Activity: Each of the records must appear again, exactly as it was written.

# # # #

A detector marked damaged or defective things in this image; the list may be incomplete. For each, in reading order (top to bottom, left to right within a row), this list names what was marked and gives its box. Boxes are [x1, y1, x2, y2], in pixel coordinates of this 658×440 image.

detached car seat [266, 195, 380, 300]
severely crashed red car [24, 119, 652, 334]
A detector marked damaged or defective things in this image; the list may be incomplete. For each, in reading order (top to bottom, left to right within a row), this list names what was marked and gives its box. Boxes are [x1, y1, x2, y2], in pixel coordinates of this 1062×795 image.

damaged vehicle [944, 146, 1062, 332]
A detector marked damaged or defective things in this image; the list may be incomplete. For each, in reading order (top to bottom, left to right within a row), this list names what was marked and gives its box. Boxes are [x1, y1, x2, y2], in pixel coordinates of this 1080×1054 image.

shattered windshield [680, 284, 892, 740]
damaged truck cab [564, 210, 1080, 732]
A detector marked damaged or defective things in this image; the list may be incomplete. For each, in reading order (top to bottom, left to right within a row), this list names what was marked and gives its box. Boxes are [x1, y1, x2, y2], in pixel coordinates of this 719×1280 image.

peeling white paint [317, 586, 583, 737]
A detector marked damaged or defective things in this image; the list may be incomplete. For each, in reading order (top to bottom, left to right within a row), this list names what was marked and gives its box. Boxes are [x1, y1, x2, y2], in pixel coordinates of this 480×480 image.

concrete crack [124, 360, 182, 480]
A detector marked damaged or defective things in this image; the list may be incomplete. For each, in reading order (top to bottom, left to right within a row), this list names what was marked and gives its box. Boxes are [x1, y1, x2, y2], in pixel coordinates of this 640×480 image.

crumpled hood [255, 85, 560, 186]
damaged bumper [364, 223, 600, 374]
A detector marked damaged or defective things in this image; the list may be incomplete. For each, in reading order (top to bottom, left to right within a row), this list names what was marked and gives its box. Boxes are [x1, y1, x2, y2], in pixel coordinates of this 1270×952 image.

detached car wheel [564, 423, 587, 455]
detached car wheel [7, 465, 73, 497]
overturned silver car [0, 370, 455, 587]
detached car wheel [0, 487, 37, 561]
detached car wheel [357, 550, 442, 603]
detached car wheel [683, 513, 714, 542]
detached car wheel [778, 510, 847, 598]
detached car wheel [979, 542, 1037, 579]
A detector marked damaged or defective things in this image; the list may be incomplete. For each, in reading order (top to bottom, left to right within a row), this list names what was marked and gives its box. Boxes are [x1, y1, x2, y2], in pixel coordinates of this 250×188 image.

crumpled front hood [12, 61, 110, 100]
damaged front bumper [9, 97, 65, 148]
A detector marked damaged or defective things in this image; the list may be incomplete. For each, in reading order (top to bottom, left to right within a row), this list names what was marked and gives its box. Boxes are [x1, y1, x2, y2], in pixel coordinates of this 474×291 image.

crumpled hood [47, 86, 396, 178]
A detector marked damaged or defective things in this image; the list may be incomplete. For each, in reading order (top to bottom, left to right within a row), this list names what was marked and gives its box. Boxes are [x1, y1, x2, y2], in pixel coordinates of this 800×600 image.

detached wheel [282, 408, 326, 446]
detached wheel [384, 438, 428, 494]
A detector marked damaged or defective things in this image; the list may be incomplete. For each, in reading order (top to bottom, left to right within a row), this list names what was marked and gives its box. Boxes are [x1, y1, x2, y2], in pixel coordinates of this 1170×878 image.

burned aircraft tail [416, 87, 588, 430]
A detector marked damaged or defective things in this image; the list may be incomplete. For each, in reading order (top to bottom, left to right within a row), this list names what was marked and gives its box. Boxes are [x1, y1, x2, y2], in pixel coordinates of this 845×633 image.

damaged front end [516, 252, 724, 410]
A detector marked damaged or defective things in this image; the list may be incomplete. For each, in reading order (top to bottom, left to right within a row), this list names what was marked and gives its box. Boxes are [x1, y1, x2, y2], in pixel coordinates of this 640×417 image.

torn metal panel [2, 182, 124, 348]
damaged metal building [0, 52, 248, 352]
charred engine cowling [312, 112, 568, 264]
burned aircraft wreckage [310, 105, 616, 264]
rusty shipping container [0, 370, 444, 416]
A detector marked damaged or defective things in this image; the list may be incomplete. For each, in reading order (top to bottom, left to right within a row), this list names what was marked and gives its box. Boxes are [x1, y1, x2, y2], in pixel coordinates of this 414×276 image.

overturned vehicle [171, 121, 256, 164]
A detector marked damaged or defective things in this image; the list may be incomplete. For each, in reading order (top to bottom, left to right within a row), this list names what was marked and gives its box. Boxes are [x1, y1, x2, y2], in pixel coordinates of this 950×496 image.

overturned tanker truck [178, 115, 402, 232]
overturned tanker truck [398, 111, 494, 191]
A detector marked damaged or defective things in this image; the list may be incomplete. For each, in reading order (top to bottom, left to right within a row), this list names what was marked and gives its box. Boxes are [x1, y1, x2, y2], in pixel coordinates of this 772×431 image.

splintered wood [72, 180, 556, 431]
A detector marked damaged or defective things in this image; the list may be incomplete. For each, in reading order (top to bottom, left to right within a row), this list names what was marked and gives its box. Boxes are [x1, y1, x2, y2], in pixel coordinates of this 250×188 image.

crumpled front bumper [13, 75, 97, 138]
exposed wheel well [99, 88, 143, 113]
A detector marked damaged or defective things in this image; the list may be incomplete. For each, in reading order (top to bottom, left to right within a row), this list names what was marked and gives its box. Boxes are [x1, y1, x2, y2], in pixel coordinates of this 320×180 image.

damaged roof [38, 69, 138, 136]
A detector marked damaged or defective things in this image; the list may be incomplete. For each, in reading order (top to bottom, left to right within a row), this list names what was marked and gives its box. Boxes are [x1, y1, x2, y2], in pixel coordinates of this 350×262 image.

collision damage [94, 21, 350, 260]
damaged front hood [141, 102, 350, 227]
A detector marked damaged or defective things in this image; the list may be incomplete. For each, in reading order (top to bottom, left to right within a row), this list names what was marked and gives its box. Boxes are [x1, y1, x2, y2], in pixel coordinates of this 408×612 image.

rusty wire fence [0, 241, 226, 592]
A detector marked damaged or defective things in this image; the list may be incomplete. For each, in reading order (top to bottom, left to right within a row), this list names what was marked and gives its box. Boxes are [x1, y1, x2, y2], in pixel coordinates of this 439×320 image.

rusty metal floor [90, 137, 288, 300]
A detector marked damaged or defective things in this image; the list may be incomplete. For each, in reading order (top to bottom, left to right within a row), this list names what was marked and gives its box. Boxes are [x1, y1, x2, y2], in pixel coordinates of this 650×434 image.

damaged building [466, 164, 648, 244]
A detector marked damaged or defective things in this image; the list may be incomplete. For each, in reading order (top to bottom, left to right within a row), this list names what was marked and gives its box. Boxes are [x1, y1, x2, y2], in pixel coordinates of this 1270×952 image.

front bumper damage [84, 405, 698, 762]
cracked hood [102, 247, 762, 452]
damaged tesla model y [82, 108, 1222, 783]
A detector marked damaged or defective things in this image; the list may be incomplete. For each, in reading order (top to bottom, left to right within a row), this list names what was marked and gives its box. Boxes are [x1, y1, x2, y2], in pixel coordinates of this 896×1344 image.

# # # #

Written solution:
A detector marked damaged or defective things in this image; the list may be incomplete. For each, in reading order (top to bottom, left to right within a row), this list names what was marked and gives its box. Boxes are [x1, y1, x2, y2], in pixel coordinates of this 658×440 image.

detached car seat [266, 195, 380, 300]
severely crashed red car [24, 119, 652, 334]
A detector marked damaged or defective things in this image; the list may be incomplete. For each, in reading order (top to bottom, left to right within a row), this list names what was marked and gives its box. Boxes are [x1, y1, x2, y2], in pixel coordinates of this 1062×795 image.

damaged vehicle [944, 146, 1062, 332]
A detector marked damaged or defective things in this image; the list may be incomplete. For each, in reading order (top to bottom, left to right within a row), this list names what was marked and gives its box. Boxes are [x1, y1, x2, y2], in pixel coordinates of this 1080×1054 image.

shattered windshield [680, 284, 892, 740]
damaged truck cab [564, 210, 1080, 732]
A detector marked damaged or defective things in this image; the list may be incomplete. For each, in reading order (top to bottom, left to right within a row), this list names what was marked and gives its box. Boxes are [x1, y1, x2, y2], in pixel coordinates of this 719×1280 image.

peeling white paint [317, 586, 583, 737]
A detector marked damaged or defective things in this image; the list may be incomplete. For each, in reading order (top to bottom, left to right within a row), this list names what was marked and gives its box. Boxes are [x1, y1, x2, y2], in pixel coordinates of this 480×480 image.

concrete crack [124, 360, 182, 480]
A detector marked damaged or defective things in this image; the list may be incomplete. For each, in reading order (top to bottom, left to right within a row), this list names what was marked and gives its box. Boxes are [x1, y1, x2, y2], in pixel coordinates of this 640×480 image.

crumpled hood [255, 85, 560, 186]
damaged bumper [364, 223, 600, 374]
A detector marked damaged or defective things in this image; the list may be incomplete. For each, in reading order (top to bottom, left to right within a row), this list names what was marked and gives its box. Boxes are [x1, y1, x2, y2], in pixel coordinates of this 1270×952 image.

detached car wheel [564, 423, 587, 455]
detached car wheel [7, 465, 73, 497]
overturned silver car [0, 370, 455, 587]
detached car wheel [0, 487, 37, 561]
detached car wheel [357, 550, 442, 603]
detached car wheel [683, 513, 714, 542]
detached car wheel [778, 510, 847, 598]
detached car wheel [979, 542, 1037, 579]
A detector marked damaged or defective things in this image; the list may be incomplete. For each, in reading order (top to bottom, left to right within a row), this list names what was marked and gives its box. Boxes are [x1, y1, x2, y2], in pixel coordinates of this 250×188 image.

crumpled front hood [12, 61, 110, 100]
damaged front bumper [9, 97, 65, 148]
A detector marked damaged or defective things in this image; the list may be incomplete. For each, in reading order (top to bottom, left to right within a row), this list names what was marked and gives its box. Boxes are [x1, y1, x2, y2], in pixel coordinates of this 474×291 image.

crumpled hood [47, 86, 396, 178]
A detector marked damaged or defective things in this image; the list may be incomplete. For each, in reading order (top to bottom, left to right within a row), this list names what was marked and gives its box. Boxes are [x1, y1, x2, y2], in pixel coordinates of this 800×600 image.

detached wheel [282, 408, 326, 446]
detached wheel [384, 438, 428, 494]
A detector marked damaged or defective things in this image; the list may be incomplete. For each, in reading order (top to bottom, left to right within a row), this list names what was marked and gives its box. Boxes are [x1, y1, x2, y2], in pixel coordinates of this 1170×878 image.

burned aircraft tail [416, 87, 588, 430]
A detector marked damaged or defective things in this image; the list may be incomplete. For each, in reading order (top to bottom, left to right within a row), this list names what was marked and gives its box. Boxes are [x1, y1, x2, y2], in pixel coordinates of this 845×633 image.

damaged front end [516, 252, 724, 410]
A detector marked damaged or defective things in this image; the list may be incomplete. For each, in reading order (top to bottom, left to right within a row), this list names what was marked and gives its box. Boxes are [x1, y1, x2, y2], in pixel coordinates of this 640×417 image.

torn metal panel [2, 182, 124, 348]
damaged metal building [0, 52, 248, 352]
charred engine cowling [312, 112, 568, 264]
burned aircraft wreckage [310, 105, 616, 264]
rusty shipping container [0, 370, 444, 416]
A detector marked damaged or defective things in this image; the list may be incomplete. For each, in reading order (top to bottom, left to right within a row), this list names what was marked and gives its box. Boxes are [x1, y1, x2, y2], in pixel coordinates of this 414×276 image.

overturned vehicle [171, 121, 256, 164]
A detector marked damaged or defective things in this image; the list may be incomplete. For each, in reading order (top to bottom, left to right within a row), this list names what was marked and gives its box. Boxes are [x1, y1, x2, y2], in pixel coordinates of this 950×496 image.

overturned tanker truck [178, 115, 402, 232]
overturned tanker truck [398, 111, 494, 191]
A detector marked damaged or defective things in this image; the list may be incomplete. For each, in reading order (top to bottom, left to right within a row), this list names what was marked and gives its box. Boxes are [x1, y1, x2, y2], in pixel coordinates of this 772×431 image.

splintered wood [72, 180, 556, 431]
A detector marked damaged or defective things in this image; the list may be incomplete. For each, in reading order (top to bottom, left to right within a row), this list names what was marked and gives its box. Boxes are [x1, y1, x2, y2], in pixel coordinates of this 250×188 image.

crumpled front bumper [13, 75, 97, 138]
exposed wheel well [99, 88, 143, 113]
A detector marked damaged or defective things in this image; the list may be incomplete. For each, in reading order (top to bottom, left to right within a row), this list names what was marked and gives its box. Boxes are [x1, y1, x2, y2], in pixel coordinates of this 320×180 image.

damaged roof [38, 69, 138, 136]
A detector marked damaged or defective things in this image; the list may be incomplete. For each, in reading order (top to bottom, left to right within a row), this list names what was marked and gives its box. Boxes are [x1, y1, x2, y2], in pixel coordinates of this 350×262 image.

collision damage [94, 21, 350, 260]
damaged front hood [141, 102, 350, 227]
A detector marked damaged or defective things in this image; the list may be incomplete. For each, in reading order (top to bottom, left to right within a row), this list names what was marked and gives its box. Boxes are [x1, y1, x2, y2], in pixel coordinates of this 408×612 image.

rusty wire fence [0, 241, 226, 592]
A detector marked damaged or defective things in this image; the list may be incomplete. For each, in reading order (top to bottom, left to right within a row), this list names what was marked and gives its box. Boxes are [x1, y1, x2, y2], in pixel coordinates of this 439×320 image.

rusty metal floor [90, 137, 288, 300]
A detector marked damaged or defective things in this image; the list may be incomplete. For each, in reading order (top to bottom, left to right within a row), this list names what was marked and gives its box. Boxes are [x1, y1, x2, y2], in pixel coordinates of this 650×434 image.

damaged building [466, 164, 648, 244]
A detector marked damaged or defective things in this image; the list may be incomplete. For each, in reading order (top to bottom, left to right within a row), this list names what was marked and gives its box. Boxes are [x1, y1, x2, y2], in pixel coordinates of this 1270×952 image.

front bumper damage [84, 405, 698, 762]
cracked hood [102, 247, 762, 452]
damaged tesla model y [82, 108, 1222, 783]
A detector marked damaged or defective things in this image; the list may be incomplete. For each, in reading order (top to bottom, left to right within a row), this list names what was marked and gives its box. Boxes are [x1, y1, x2, y2], in pixel coordinates of this 896×1344 image.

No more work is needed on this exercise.